Mr. Smith, who became the first president of the College’s Board of Trustees, suggested that the College be named Western Maryland College after the railroad, which maintained an important terminal in Westminster. On the day in 1866 that the cornerstone was laid for the College’s first building, free rail passage was granted to everyone who attended the ceremonies. Eventually, the Western Maryland Railroad merged with another company. But the College that bore its name continued to grow.
The first building of Western Maryland College was completed in September 1867; 37 men and women were enrolled in eight areas of study. Already, the new college was in many ways ahead of its time. In the original Charter, the founders and the first Board of Trustees clearly reflected their intentions that the College be an innovative and independent institution.
The College was one of the first coeducational colleges in the nation. Since its inception, it has been an independent liberal arts college with an autonomous Board of Trustees. A voluntary fraternal affiliation with the United Methodist Church existed from 1868 to 1974; today there are no ties to any denominational body. Control and ownership are fully vested by the Charter in the trustees, under Maryland state law.

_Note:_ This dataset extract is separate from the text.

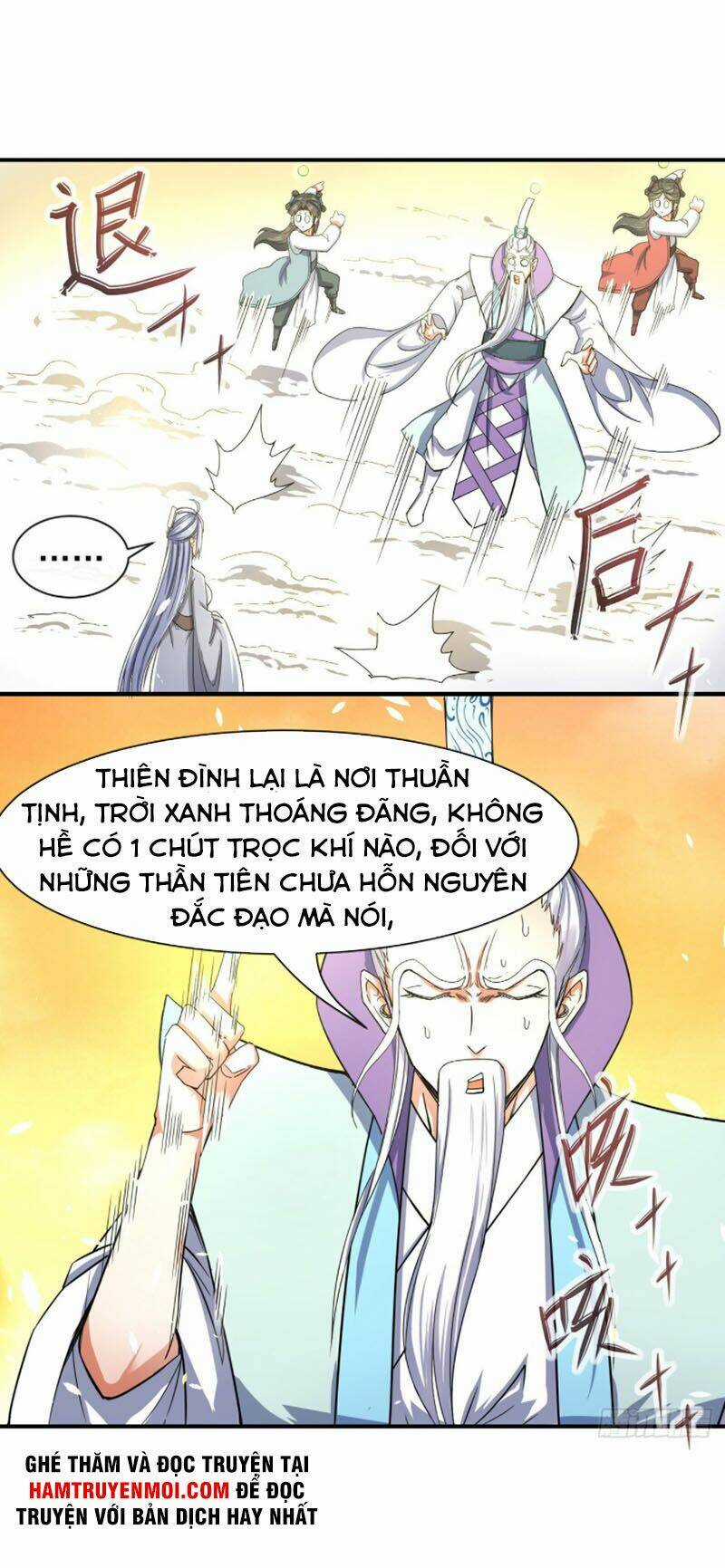 Sư Tỷ Của Ta Đông Đến Một Đám Chapter 202 trang 20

On January 11, 2002, the trustees announced their unanimous decision to change the name of Western Maryland College after discussion and surveys confirmed confusion over where and what the College was. Under a new name, the College would be better recognized as a private college of the liberal arts and sciences within an hour’s drive of Baltimore and Washington, D.C.
Alumni, students, parents, faculty, and emeriti faculty, administrators, and trustees participated in the process to select a name which embodied the essence of the College. On July 1, 2002, McDaniel College renewed its educational mission in honor of William R. McDaniel, a man who meant as much to the College as the College meant to him.
In recognition of the College’s 135-year history as Western Maryland College, Alumni Hall was renamed WMC Alumni Hall, and each year, the course “Everything You Ever Wanted to Know about McDaniel College/Western Maryland College” is offered during January Term.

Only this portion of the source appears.